School days are upon us and if your family is like most, your kids are involved in all kinds of extra-curricular activities that keep you running from here, to there, to everywhere. If we’re not careful, the school year will come and go so fast that we might get to June and realize we’ve pushed aside or even forgotten that our primary calling as Christian parents is not to serve our kids, but to serve our Lord by making the spiritual nurture of our kids our first priority.
With that in mind, here are four reminders that I trust will help you daily fulfill that nurturing responsibility in ways that will yield spiritual growth in your children and teens.
First, keep the main thing the main thing. I’ve heard it said that a parent’s checkbook and calendar are clear indicators of their parenting priorities. Go ahead and conduct an informal audit of both. Then honestly assess what that audit tells you about what you are communicating to your kids about what is and should be most important in life. Are they learning that following Jesus is just one more activity in a long list of things? Or, are they learning that following Jesus is the over-arching quest in life that should dictate everything else, including how we spend our time and money?
Second, engage in idol-smashing. We might not ever set up and worship a literal golden cow, but the reality is that in today’s culture, there are more idols than ever before that clamor for our attention and allegiance.
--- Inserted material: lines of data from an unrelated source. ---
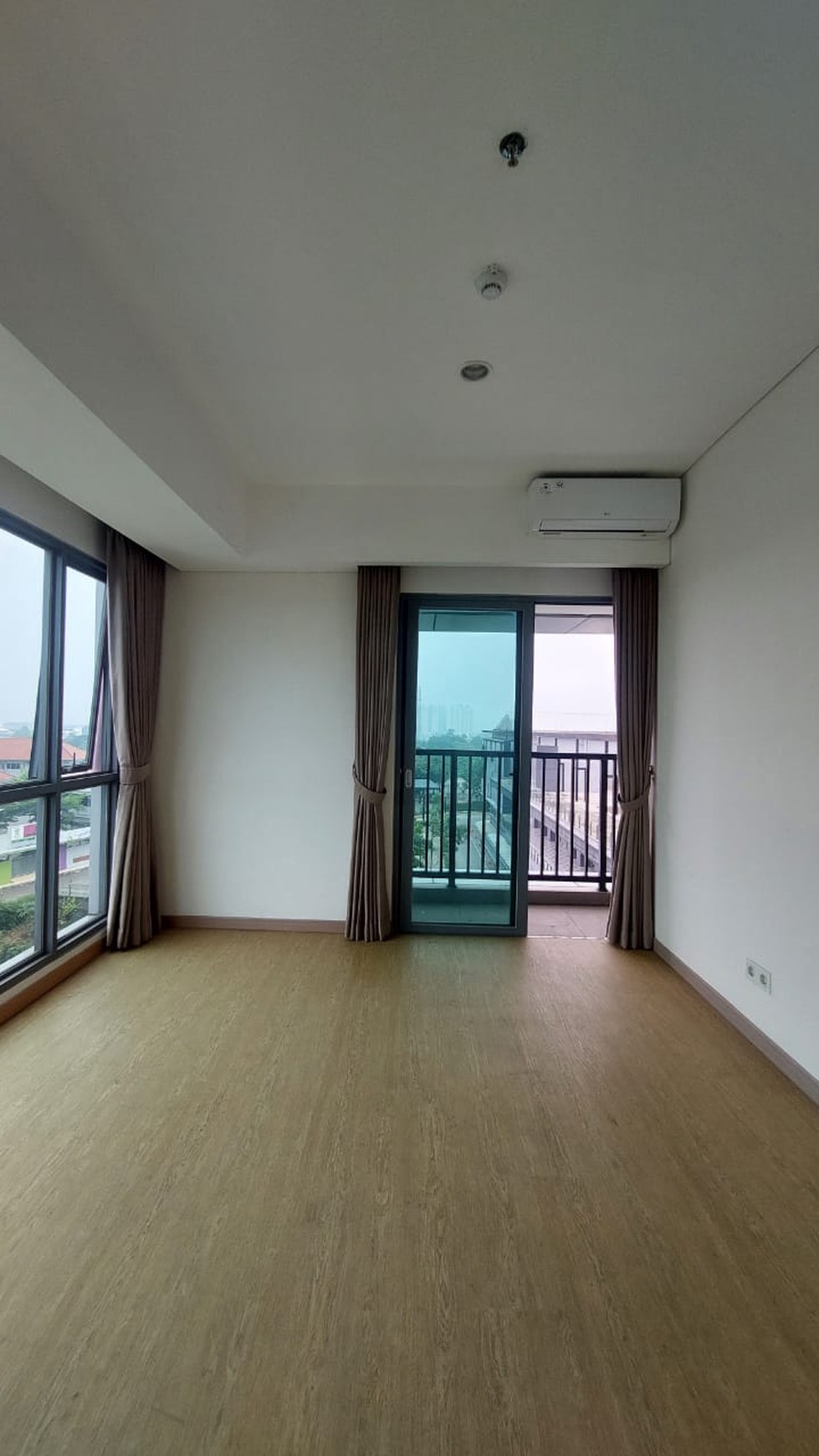 Apartemen Strategis dengan Fasilitas Lengkap @Emerald Bintaro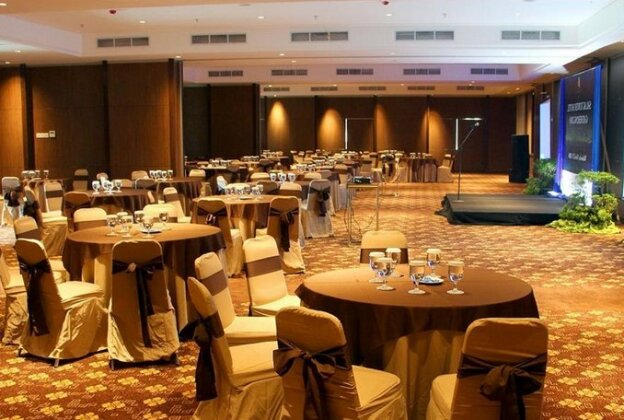 Swiss-Belhotel Bogor - Photo4
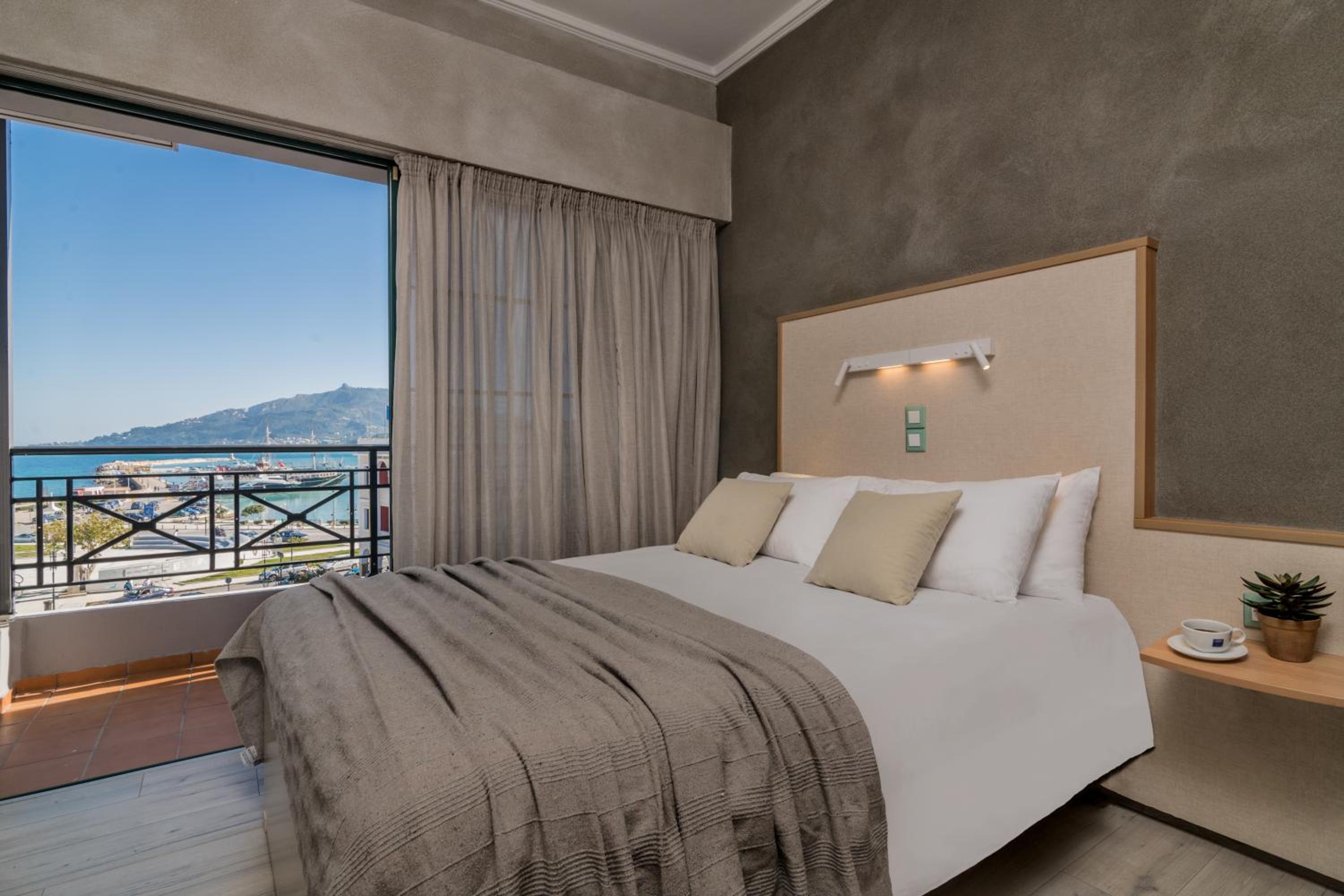 Double or Twin Room with Sea View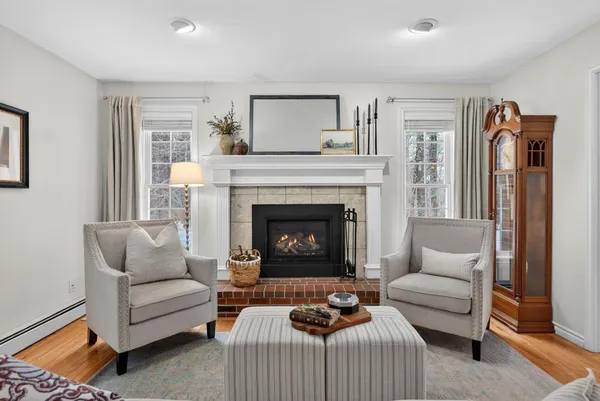 $900,000 | 59 Astilbe Lane, Yarmouth, ME 04096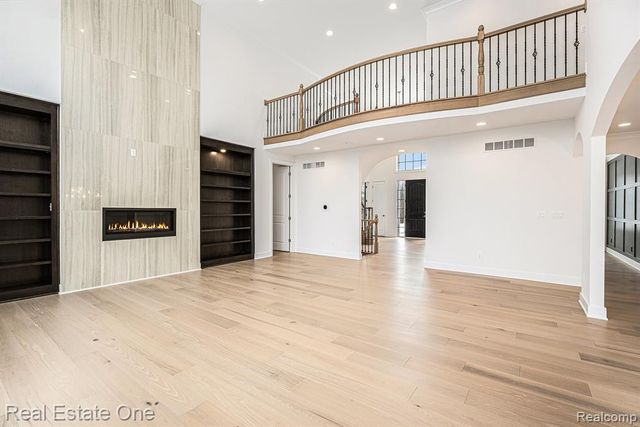 2423 Buckthorn Drive, Shelby, MI 48316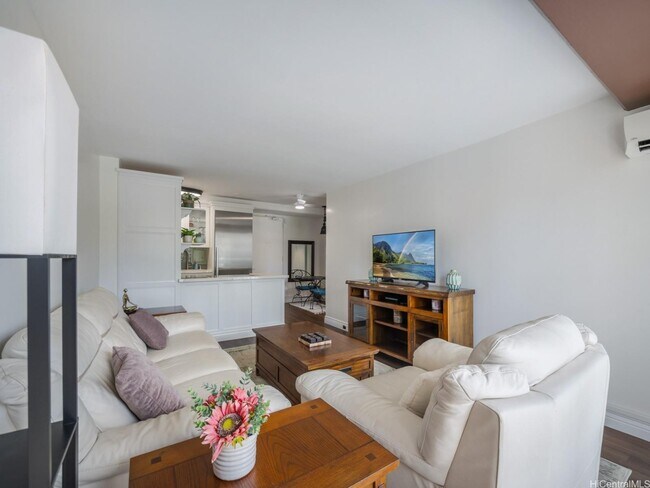 Building Photo - 1-bed, 1-bath condo located in Waikiki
Idolatry enters into our lives when we take a good and wonderful created thing that’s been given to us by God, and we turn it into an ultimate thing that becomes an object of our worship. James tells us that “every good and perfect gift is from above” (James 1:17). God has given us the goodness of created things not so they will become objects that we worship, but to point to our Creator (the giver of all good things) and spark our ongoing worship of Him. Whether it’s your children, your social standing, your online image, your kids’ grades and achievements, etc. . . “flee from idolatry” (I Corinthians 10:14).
Third, teach your kids to integrate their faith into all of life. God calls us to follow Him in every nook, cranny, and square inch of life. Paul Tripp writes, “If you’re God’s child, the gospel isn’t an aspect of your life, it is your life; that is, it is the window through which you look at everything.” Tripp challenges us to see the Gospel not only as an entry point (coming to faith) and an exit point (going to heaven), but as something for the here and now that should shape our identity, pursuits, and struggles. Are you teaching your kids how to integrate their faith into their academics, vocation, relationships, play, and everything else in life?
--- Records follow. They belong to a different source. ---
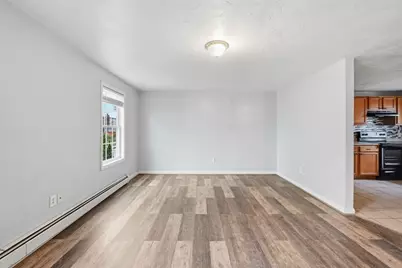 17 Bigelow St, Worcester, MA 01610 - Photo 8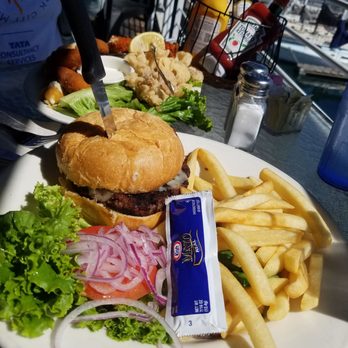 Quinn's Lighthouse - Seafood Near Me - Oakland, California Quinn's Lighthouse - Seafood Near Me - Oakland, California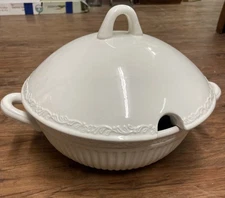 Mikasa Italian Countryside Round Tureen with Lid, NO LADLE CE031/276 Earthenware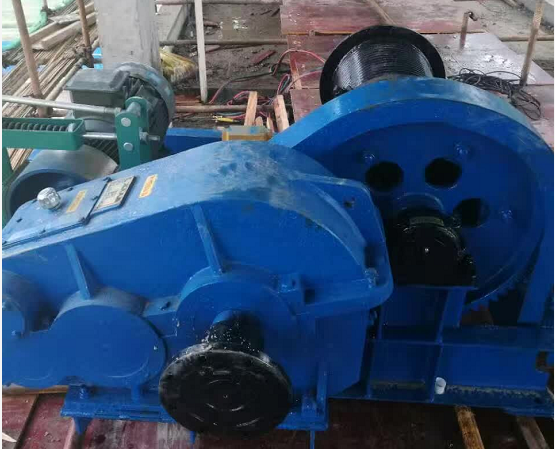 QHQ型啟閉機(jī)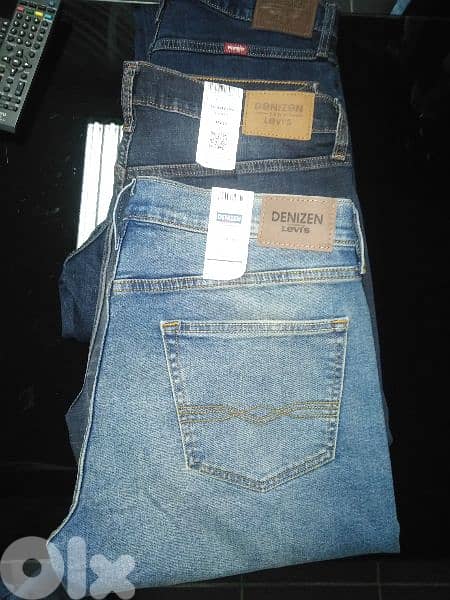 Denizen Levi's jeans size 34   L 30 32 34 3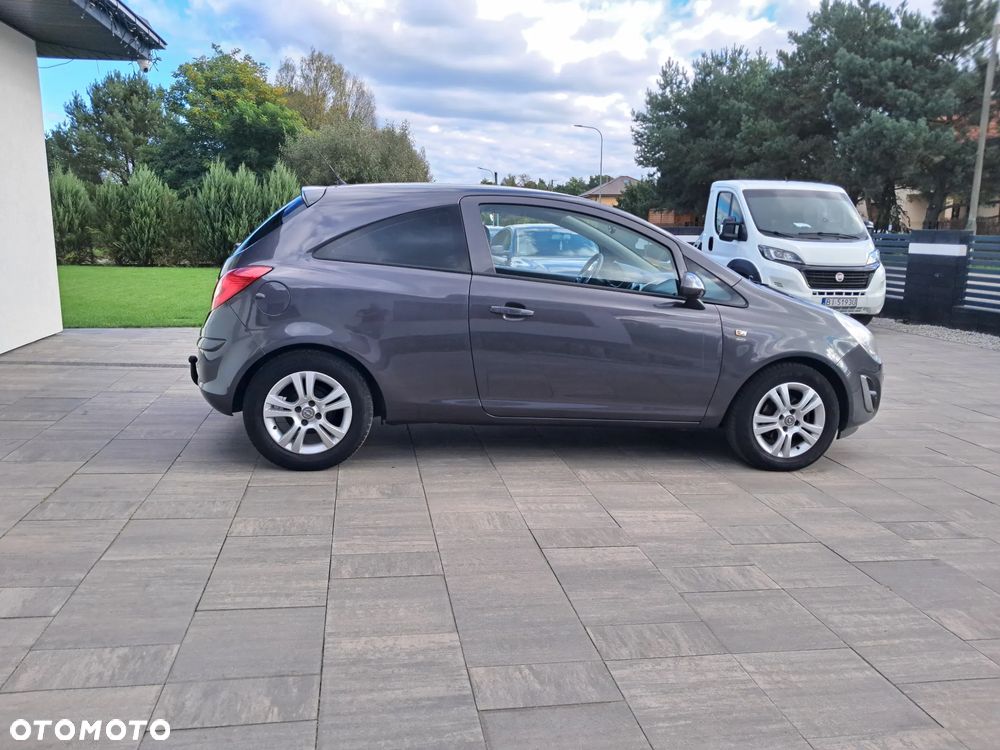 Opel Corsa 1.2 16V Edition / Active - 9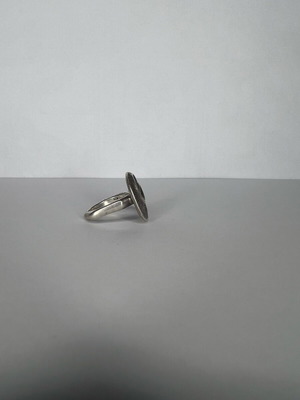 Shell ring like new, silver with 925 stamp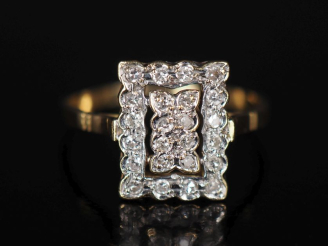 Vente aux enchères Bague en or jaune 750, sertie d'un pavage de petits diamants.  TDD. 57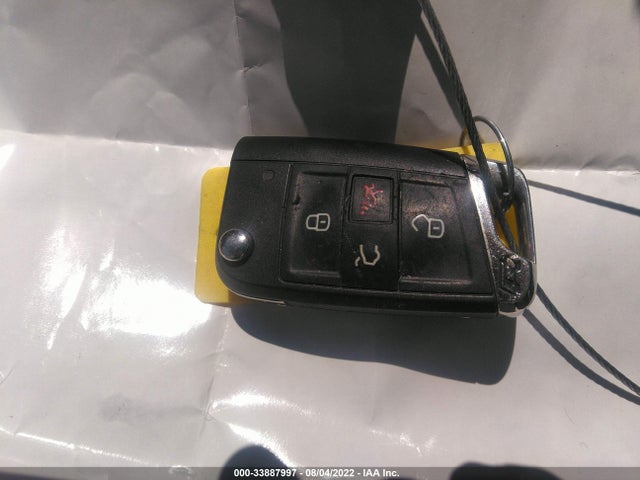 2018 Volkswagen Golf R, VIN: WVWVF7AU5JW199222
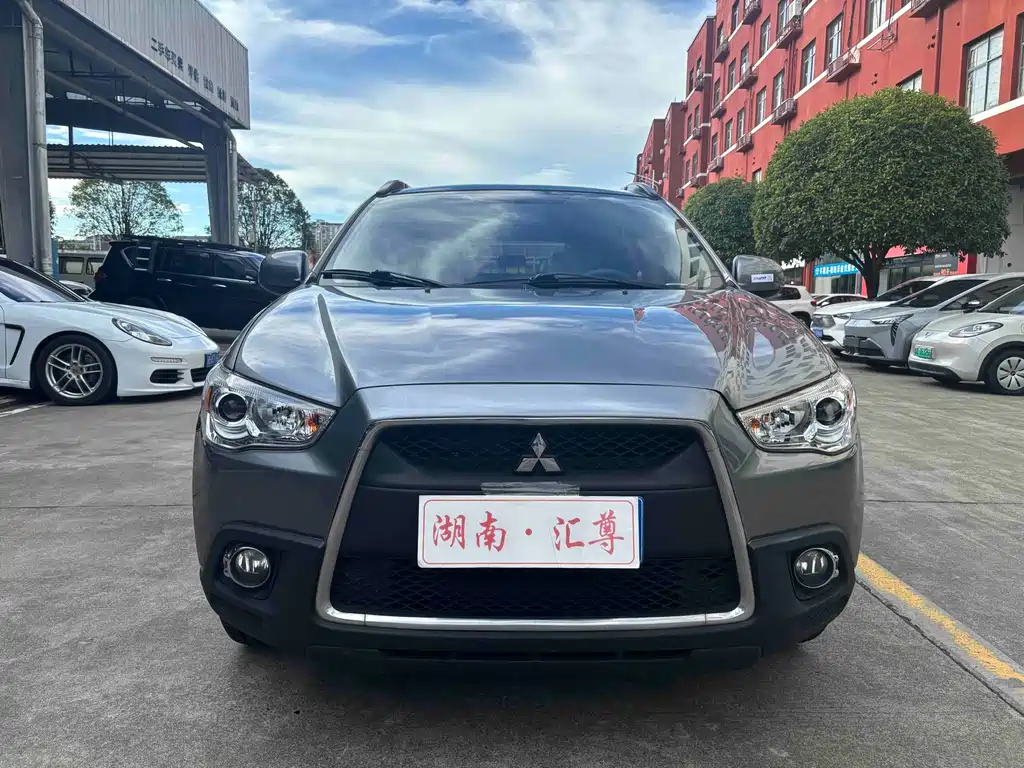 Mitsubishi Jinxuan ASX 2015 — фото 2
Finally, force. . . yes force. . . your kids to rest. Research points to the many ways in which over-scheduling and the pressures of life are leading kids into a constant state of anxiety and stress. Perhaps a long-overdue counter-cultural approach that’s obedient to the Lord’s commands is what’s needed. God made us for a rhythm of work and rest. Our bodies, minds, and spirits need to shut down regularly. Your kids need nine hours of uninterrupted sleep each and every night. We need a weekly Sabbath rest. And family vacations and time off are needed for rest and replenishment.
As the school year begins, why not seize it as a fresh start for your parenting priorities and practices?